Producing a Sankey chart is almost a rite of passage within the Tableau community, an accomplishment that means perhaps you’ve finally mastered this tool and are finally on a par with the experts.
— Sam Parsons (@SParsonsDataViz) March 15, 2018
But are the Sankey charts we see in the community really worthy of being put on that pedestal? or are we biased towards this particular chart type because it’s the first complex chart many of us learn to create in Tableau?
In this post I want to review our love affair with the Sankey, critique some of the use cases of Sankey charts and suggest alternatives.
Sankey Charts – An Introduction
“Sankey diagrams are a specific type of flow diagram, in which the width of the arrows is shown proportionally to the flow quantity. They are typically used to visualize energy or material transfers between processes.”
(source: Wikipedia, article ‘Sankey diagram’)
Sankey diagrams are named after Captain Matthew Sankey, who used the diagram below in 1898 to show the energy efficiency of a steam engine.
Perhaps the most famous Sankey-type diagram is this one by Charles Minard – which should need no introduction.
Sankeys in the Tableau Community can be credited back to Jeff Shaffer (http://www.dataplusscience.com/RecreationinTableau2.html), while his original post isn’t a true Sankey diagram – to all intents and purposes it’s a curved slope chart – it led to further posts where he built on his method and others soon followed suit – namely Oliver Catherine, myself and others (too many to mention).
A Sensible Place to Start
If I’m going to start anywhere in my critique of Sankey Charts in the Tableau Community then I should start here, March 2015:
My blog post on how to use data densification was illustrated with the example below (click to see the interactive version):
What does this example show? Is it a useful Sankey diagram?
The diagram as it stands is clearly showing several things at once, and, being an example for a “how to” blog I didn’t truly think of the question it was answering.
What understanding of the data can a viewer tease out of this visualisation?
- Technology is the largest category
- South is the smallest region – the others are similar sizes.
- The split from Category to region is roughly in proportion to the size of the categories
Have a look yourself – can you pick anything more out? Give yourself two minutes?
Hardly ground breaking stuff is it? The majority of the insight comes from the bars at the side of the visualisation – not the actual “flows” (although this is not showing any kind of flow – again is this misleading?).
Consider the charts below:
How about now? Spot that Technology in the East is under performing vs Furniture compared to the other regions?
What about if we swap the dimensions to aid the comparison across regions
We can now see the South is struggling, and the West is particularly poor in Office Supplies.
Both these bar charts show additional insights we couldn’t get from the Sankey.

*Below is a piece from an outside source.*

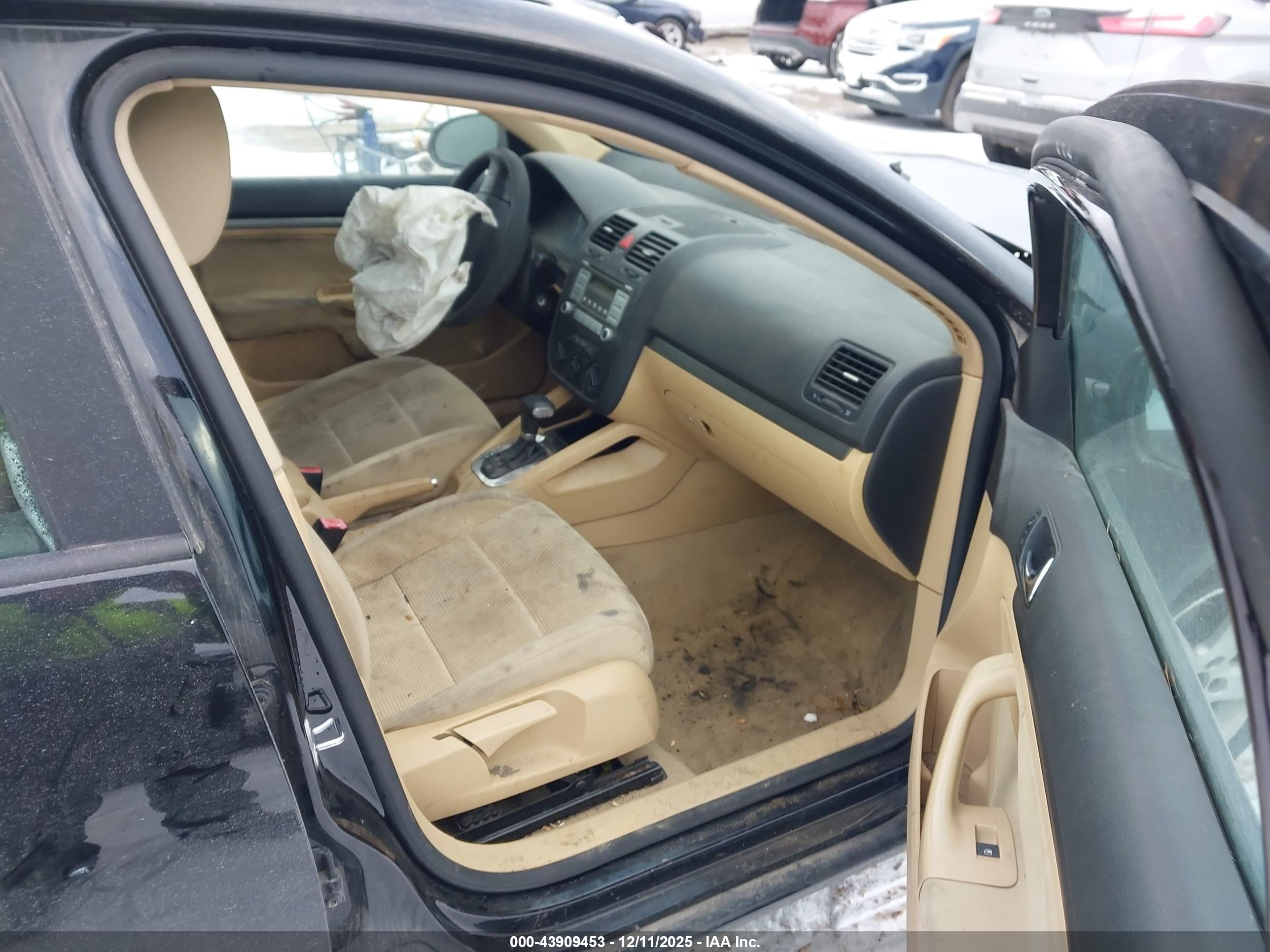 VOLKSWAGEN JETTA image 5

In fact the only benefit the Sankey provides is in the two stacked bars at it’s sides.
I could have picked a better example for my original blog post, but I didn’t. So hands up – my example was a poor one to illustrate a piece on Sankey Charts. My plea to anyone writing “How To” tutorials – please please include a “Why To” / “What To” as well, showing good examples helps educate people as to why your chart type might be useful – and why it might not be.
(further reading on Sankey usefulness along similar lines: https://www.datarevelations.com/circles-labels-colors-legends-and-sankey-diagrams-ask-these-three-questions.html)

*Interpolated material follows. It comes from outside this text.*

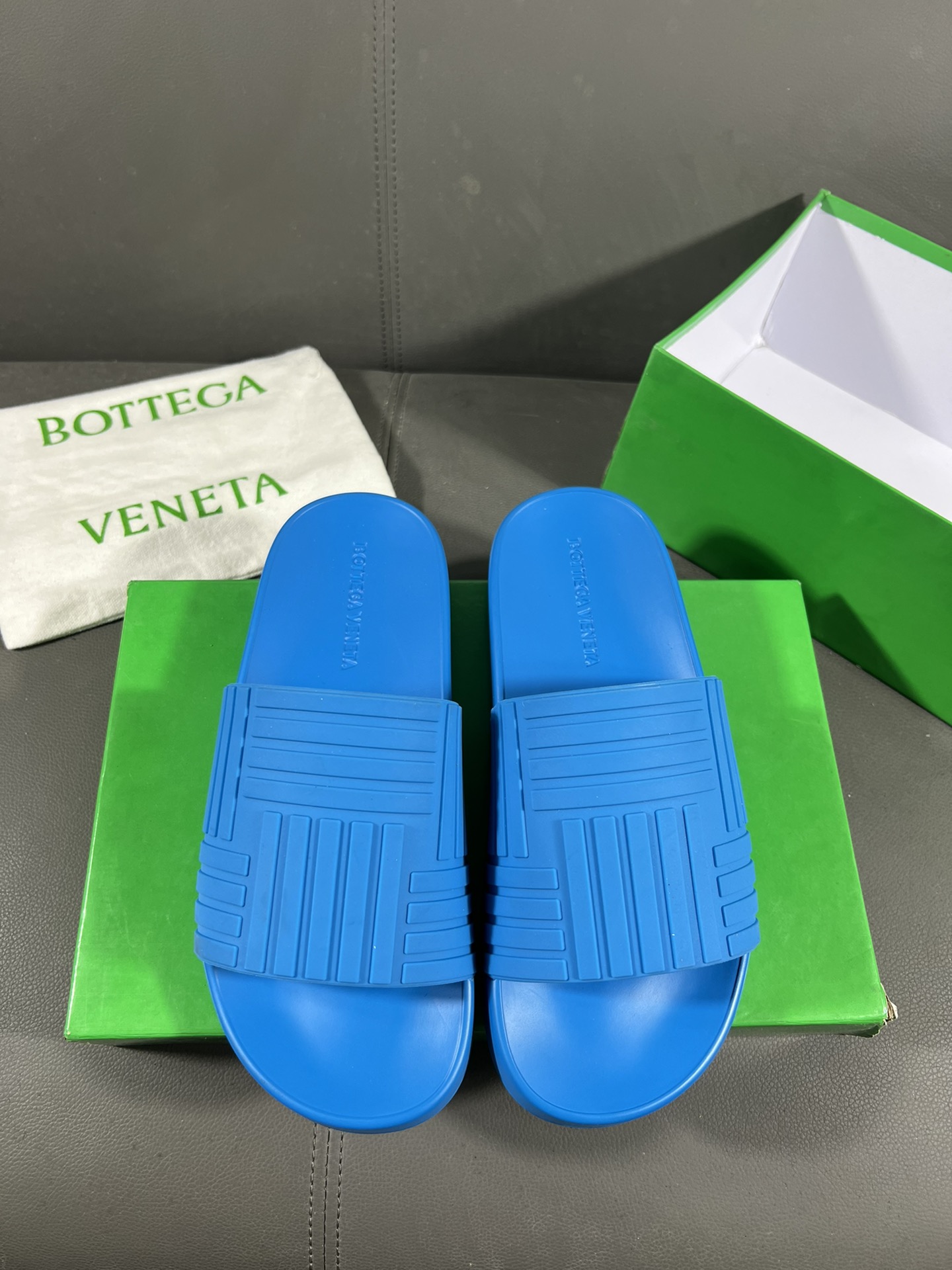 I0 Bottega Veneta 宝缇嘉潮流情侣款拖鞋上市 官网同款 专柜品质   精选橡胶面料 高档大气 性价比超高款 原版耐磨橡胶大底 做工精细 用料上层 品质看得见 鞋码:35-449⃣️色可选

Sankey Charts are hard to create in Tableau
I had the pleasure of sitting in on a portion of Kevin Taylor‘s talk as he practiced it at the Tableau conference in New Orleans. I had sneaked in the back to use the room later and Kevin didn’t recognise me – so I had the pleasure of watching Kevin present “my” method of producing Sankey Charts without him being aware of my presence. You can see the portion of his talk here https://youtu.be/PcJjIAq6bxA?t=3074
What struck me was how simple it was to present – Kevin is done in 5 minutes. This could have been a 50 minute talk *just* on Sankeys, covering Data Densification, Nested Table Calculations, etc but the truth is you don’t need to understand any of that to build a Sankey.

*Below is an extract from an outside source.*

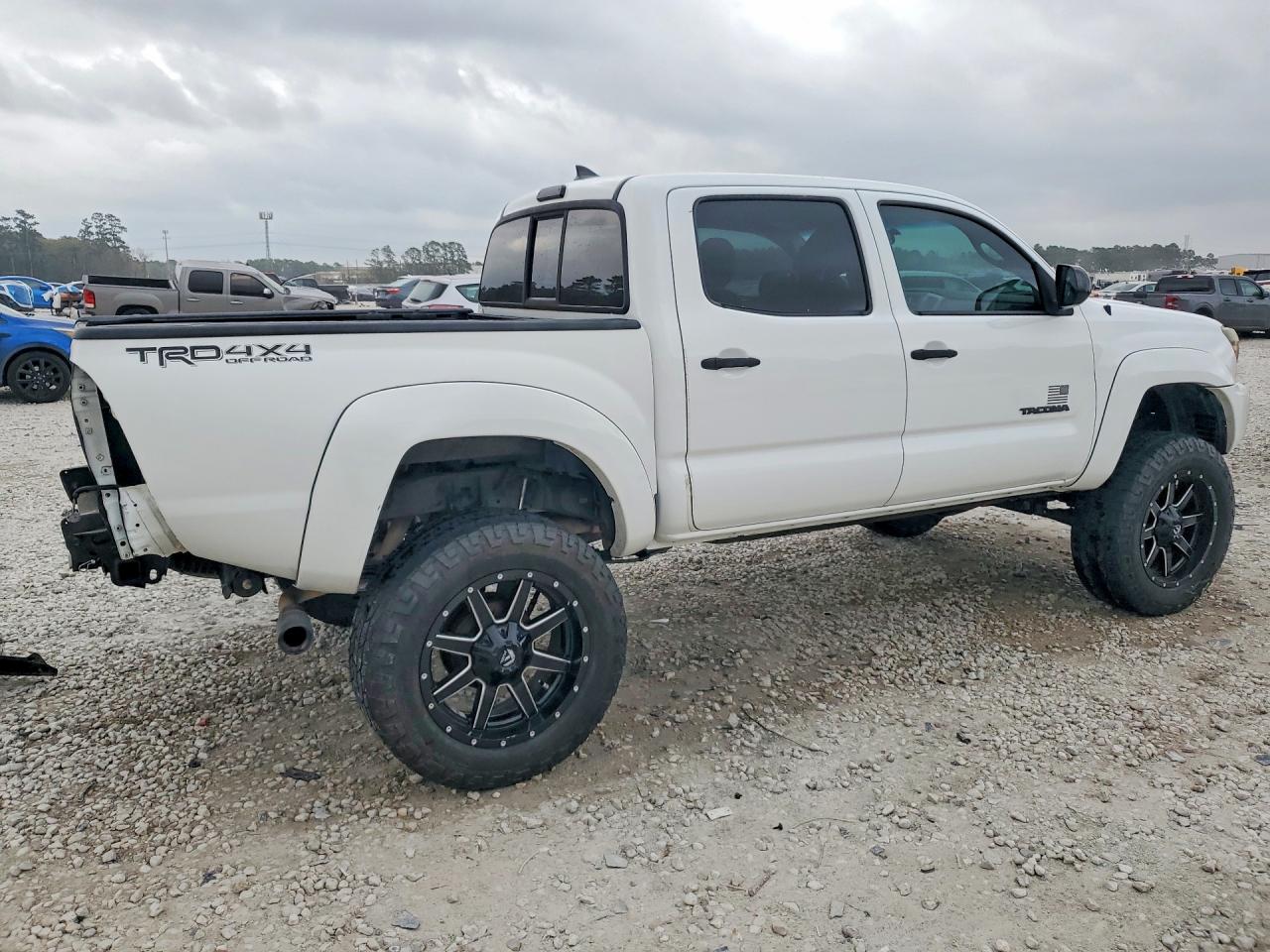 2015 Toyota Tacoma V6 Белый vin: 5TFLU4EN3FX116340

So if you can follow instructions (i.e. build an Ikea cupboard) then can you can build a Sankey in Tableau? No, there’s still a lot to take in – abstracting the method to your data and getting the calculations right can be very hard even for programmers as the tweet below testifies.
I spent 40 mins trying to make a Sankey diagram in tableau
That same diagram took me 7 mins in #rstats
My hatred towards domain specific programming grows
— Josh De La Rosa (@JoshdelaRosa1) June 23, 2018
So if it’s hard why do so many people want to build them? I think many people confuse being “good” at Tableau with building complex charts. This isn’t the case – in fact some of the people I consider the “best” users of Tableau have never created a Sankey in their lives.
Being good at Tableau and data visualisation is all about taking complex data sets and breaking them down into simple visualisations that aid the viewers understanding.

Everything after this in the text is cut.